The 3 Common Ashkenazi Jewish Mutations in BRCA1/2: A Large Study of Cancer Risk and Risk Reduction
Many people are unaware that the frequency of BRCA1 and BRCA2 mutations in Ashkenazi Jews is ~1 in 40. This relatively high rate significantly impacts the Jewish community and is due to 3 common founder mutations:
- BRCA1 c.68_69delAG (often referred to as 185delAG or 187delAG)
- BRCA1 c.5266dupC (often referred to as 5382insC or 5385insC)
- BRCA2 c.5946delT (often referred to as 6174delT)
Because the 3 mutations are so common, they are generally tested for as a panel, as the first step in individuals with a personal and/or family history of breast or ovarian cancer and Ashkenazi Jewish ancestry.
A number of studies over the years have focused on cancer risks for carriers of the individual common Jewish mutations of BRCA1 and BRCA2, because they are common enough that it allows an attempt at analysis of risk for individual mutations rather than lumping all mutations of either BRCA1 or BRCA2 together. Among the more interesting results of these analyses is some support for the concept that there could be heterogeneity in cancer risk depending on the specific mutation involved. In particular, there is some previous evidence suggesting that women with the BRCA2 6174delT mutation may have a lower breast cancer risk than women with other BRCA2 mutations. Notably, the studies to date have mostly involved relatively small numbers of carriers of the individual mutations making it difficult to conclusively pin down any significant differences in risk by mutation. However, a new study, recently published online in the Journal of Clinical Oncology, takes a look at a significantly larger group of women adding to our knowledge in this area.
A New Study Looks at Cancer Risks in a Much Larger Number of Women with Common Jewish Mutations of BRCA1 and BRCA2
In the new study, an international team, led by Dr. Timothy Rebbeck of the University of Pennsylvania, studied 969 women with self-reported Jewish ancestry (from a total of more than 4700 women with deleterious BRCA1 or BRCA2 mutations from the Prevention and Observation of Surgical End Points [referred to as "PROSE"] Consortium. Many, but not all, of these women were identified prospectively, which strengthens the study. The researchers estimated breast cancer and ovarian cancer risks specific to each common Jewish BRCA1/2 mutation and also assessed whether risk reduction practices differed by mutation.
Some Key Results
There were a number of interesting results in this study. Here are a few:
1. The relative risk of breast cancer in this study was significantly lower for BRCA2 6174delT mutation carriers when compared to those women carrying other deleterious BRCA2 mutations. The “hazard ratio”* for breast cancer 6174delT carriers when compared to other BRCA2 mutation carriers was 0.35 (95% confidence interval was 0.18 to 0.69).

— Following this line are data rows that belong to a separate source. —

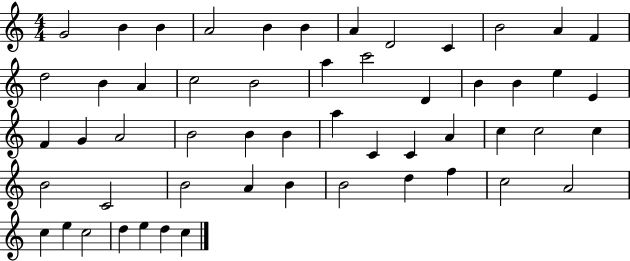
G4/h B4/q B4/q A4/h B4/q B4/q A4/q D4/h C4/q B4/h A4/q F4/q D5/h B4/q A4/q C5/h B4/h A5/q C6/h D4/q B4/q B4/q E5/q E4/q F4/q G4/q A4/h B4/h B4/q B4/q A5/q C4/q C4/q A4/q C5/q C5/h C5/q B4/h C4/h B4/h A4/q B4/q B4/h D5/q F5/q C5/h A4/h C5/q E5/q C5/h D5/q E5/q D5/q C5/q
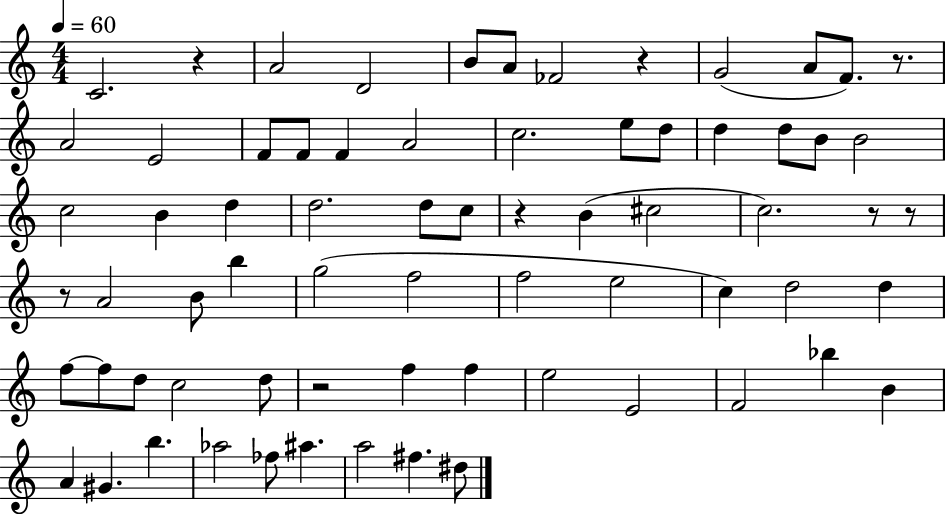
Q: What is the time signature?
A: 4/4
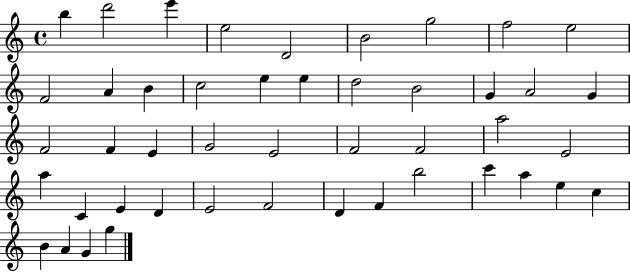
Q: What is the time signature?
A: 4/4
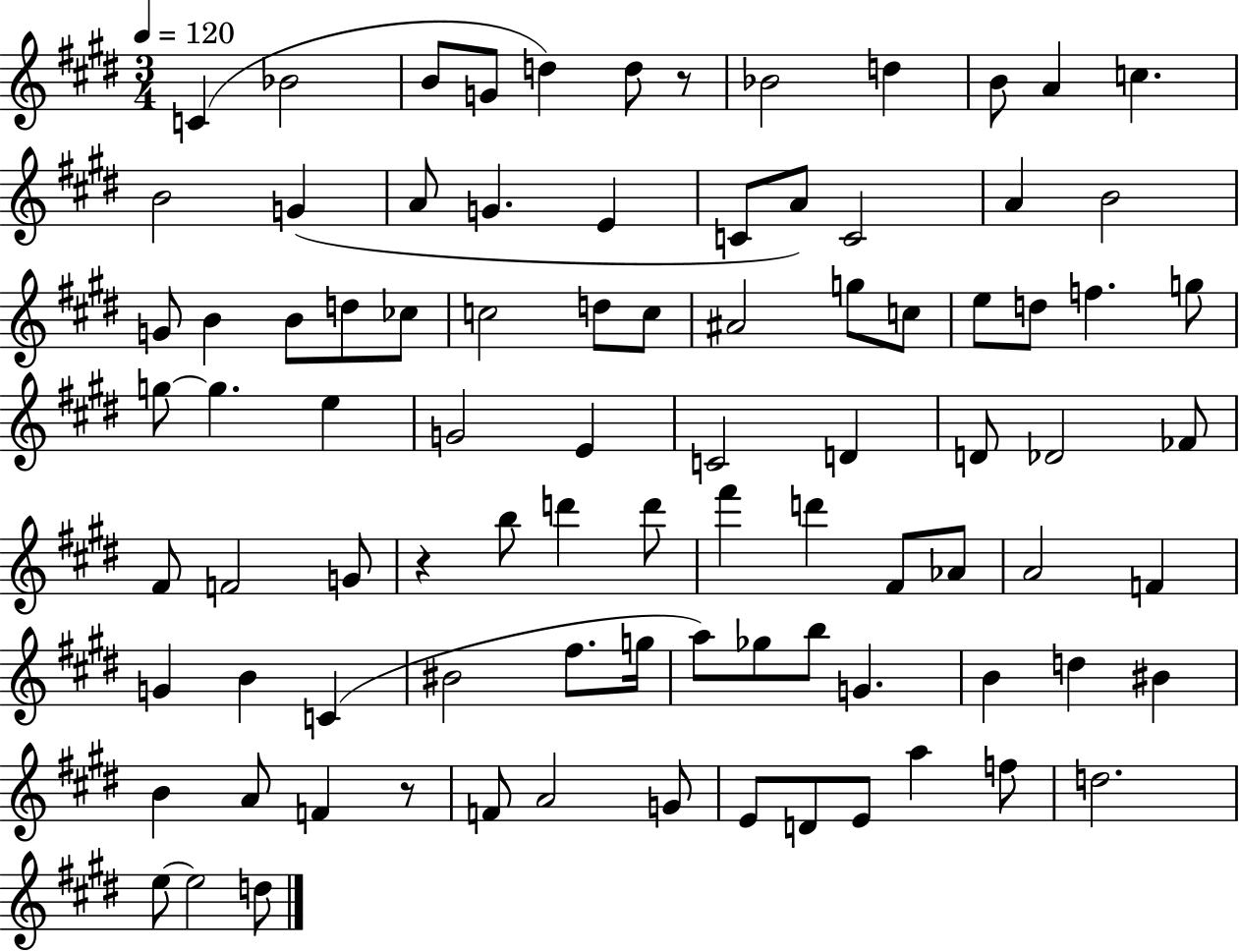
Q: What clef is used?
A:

2. The researchers noted that the women with self-reported Jewish ancestry in this study were significantly more likely than women who did not report Jewish ancestry to pursue risk-reducing salpingo-oophorectomy (54% vs. 41%).

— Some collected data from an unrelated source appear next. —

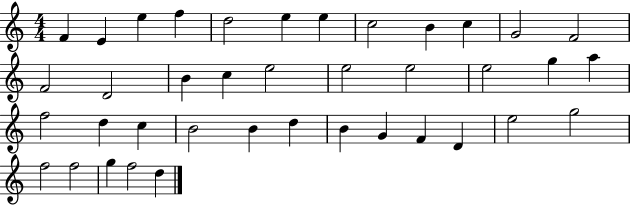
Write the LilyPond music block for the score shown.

{
  \clef treble
  \numericTimeSignature
  \time 4/4
  \key c \major
  f'4 e'4 e''4 f''4 | d''2 e''4 e''4 | c''2 b'4 c''4 | g'2 f'2 | \break f'2 d'2 | b'4 c''4 e''2 | e''2 e''2 | e''2 g''4 a''4 | \break f''2 d''4 c''4 | b'2 b'4 d''4 | b'4 g'4 f'4 d'4 | e''2 g''2 | \break f''2 f''2 | g''4 f''2 d''4 | \bar "|."
}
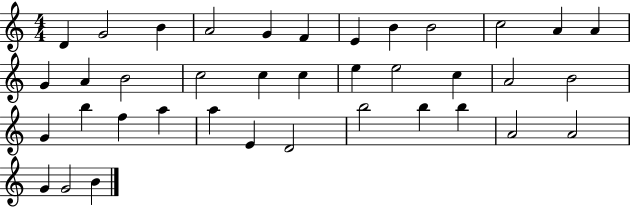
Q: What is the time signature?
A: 4/4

3. They also assessed whether there might be differences in cancer risk reduction downstream of risk-reducing salpingo-oophorectomy between women with different specific mutations. There were no significant differences.

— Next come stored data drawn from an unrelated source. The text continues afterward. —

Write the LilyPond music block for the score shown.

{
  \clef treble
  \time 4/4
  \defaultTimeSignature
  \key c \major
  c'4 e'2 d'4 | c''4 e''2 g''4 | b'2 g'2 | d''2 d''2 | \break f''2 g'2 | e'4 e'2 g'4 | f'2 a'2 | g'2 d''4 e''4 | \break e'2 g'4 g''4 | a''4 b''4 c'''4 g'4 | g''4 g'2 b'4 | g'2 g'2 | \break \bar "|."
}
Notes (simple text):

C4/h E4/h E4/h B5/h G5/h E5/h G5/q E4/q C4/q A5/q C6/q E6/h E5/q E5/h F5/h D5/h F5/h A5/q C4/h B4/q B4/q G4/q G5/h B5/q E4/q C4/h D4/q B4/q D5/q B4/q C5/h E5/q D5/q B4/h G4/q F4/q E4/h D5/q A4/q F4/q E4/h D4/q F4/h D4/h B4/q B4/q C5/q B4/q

Bottom Line for Women Carrying One of the Common Jewish BRCA1 or BRCA2 Mutations
1. This study provides further evidence supporting the concept that cancer risk can potentially vary depending on the specific mutation in BRCA1/BRCA2. Specifically, women with BRCA2 6174delT appear to have a lower risk of breast cancer than other BRCA2 mutation carriers (while still substantially elevated above the general population’s risk of breast cancer). That said, the researchers noted several caveats that could influence their data. Given the remaining uncertainty, they suggest that these results should not influence clinical care until they can be confirmed in further large prospective and population-based studies.
2. Differences in risk by mutation type will likely be a theme that will play out further in the next couple of decades or so. As our understanding of more individualized risks for BRCA1 and BRCA2 carriers increases, it may impact clinical care more significantly at some point in the future.
* The hazard ratio is a statistical expression of the chance of an event (breast cancer in this case) occurring in a particular group (BRCA2 6174delT mutation carriers for example) as a ratio of the chance of the event in a referent group (other BRCA2 mutation carriers). The hazard ratio is similar to relative risk in some respects, but there are some subtle differences that are beyond the scope of this blog post.
Finkelman BS, Rubinstein WS, Friedman S, et al. Breast and ovarian cancer risk and risk reduction in Jewish BRCA1/2 mutation carriers. Journal of Clinical Oncology 2012 (published online before print Mar 19 2012)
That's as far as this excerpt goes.